Оба расплевались. Вот и разговор.
— А вы на крылус женатых зачем пущаете? — среда паузы спрашивает поморца рижанин, Абрам Нефедьев.
— Ну так что ж!
— Вы и уставщика женатого примете.
— Не все равно разве, — и очень примем. Сделай милость.
— Фу ты мерзость! — восклицает рижанин.
— Отчего так мерзость?
— Мерзость!
— Да отчего мерзость? Вы доведите это мне по писанию.
— Мерзость! Лучше пусть Бог знает что. — Рижский раскольник поднялся, выпрямился во весь свой рост, закрыл рукою глаза и, подумав секунду, произнес торжественным тоном: — Лучше не хочу видеть своей моленной, лучше хочу век ее не видать и пропадать как собака, но пусть она не сквернится молитвой женатых. Променял Бога на жену, так не молись с рабом, блюдущим веру. Благодари Бога, что еще видеть молящихся удостоен.
— А за углом хоть пять имей?
— Хоть десять. На то есть покаяние.
Е—в, самый рьяный из здешних федосеевцев, не пришел в это собрание. Он собирался ехать в Вильно заявить свое сочувствие нынешнему генерал-губернатору литовских губерний и сделать пожертвование в пользу войск, а потому, говорят, был очень занят.

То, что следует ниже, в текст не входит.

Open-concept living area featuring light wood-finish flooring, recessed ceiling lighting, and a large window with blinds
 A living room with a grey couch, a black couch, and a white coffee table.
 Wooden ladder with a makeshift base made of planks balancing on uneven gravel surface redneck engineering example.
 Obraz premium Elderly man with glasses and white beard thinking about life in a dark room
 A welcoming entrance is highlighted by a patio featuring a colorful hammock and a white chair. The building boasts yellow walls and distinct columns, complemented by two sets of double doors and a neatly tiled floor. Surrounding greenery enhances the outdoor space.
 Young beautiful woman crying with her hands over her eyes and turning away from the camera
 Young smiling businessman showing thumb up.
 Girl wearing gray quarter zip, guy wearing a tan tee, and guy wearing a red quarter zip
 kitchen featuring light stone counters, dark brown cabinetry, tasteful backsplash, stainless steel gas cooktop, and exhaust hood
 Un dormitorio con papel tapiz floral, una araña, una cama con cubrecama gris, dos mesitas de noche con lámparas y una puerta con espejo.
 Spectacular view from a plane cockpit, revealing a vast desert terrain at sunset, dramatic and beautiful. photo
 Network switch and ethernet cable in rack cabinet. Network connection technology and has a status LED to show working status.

— Эх, жаль, — говорит мне на ухо федосеевец, — жаль, Е—ва-то нет.
— Да, очень жаль, — говорю.
— Он это против тропаря-то отлично знает.
— А дело так и ушло.
— Как же будет со школами-то?
— А Бог с ними со всем, — нам что же школы? Не хотят в одно, под один уровень подойти, ну и пусть. Им правительство не даст ничего. Ничего им правительство не даст.
— Это вам еще неизвестно, — замечает федосеевец.
— Не даст, не даст, — вопит поморец.
— А у вас школ не будет.
— И пущай не будет. Нам позволят моленну на Охте, обнесем оградку, поместим старух, да и станем молиться, — вот и все. Что школы, — и без школы можно молиться.
Однако кое-как решились еще попробовать сойтись и поговорить о школах, не касаясь «религиозности», — не вытерпят, опять сцепятся.
А Павел-то хорошо, во сто раз лучше всех нас знает эти нравы. Ему не раз приходилось прать против рожна, и, разумеется, он теперь старается обходить рожны-то эти, а не лезть на них прямо глазами. Отсюда и его лавировка, и его подходы осторожные. Тяжела дорога его между федосеевским изуверством и поморскою слепотою, и он непременно должен ввести новый раскол по учению об антихристе и по отношению к букве писаний, ибо ему нет другого средства идти к весьма очевидной цели: к умягчению нравов, к доставлению большего господства евангельскому учению и наконец к возможному соединению двух главных беспоповщинских толков: федосеевщины и поморства.
А о браке «неразрешимом» он рассуждает как простой человек, всегда склонный противодействовать крайнему мнению крайним, и даже он в своих соображениях очень хорошо поступает, ибо темные люди, каков по преимуществу весь раскол, всегда всего способнее увлекаться крайностями и в минуты борьбы не умеют удержаться на самом удобном пункте. Таков закон истории всех веков и народов, и его бы надо хорошо помнить тем, кто рекомендует обществу ту или ту силу.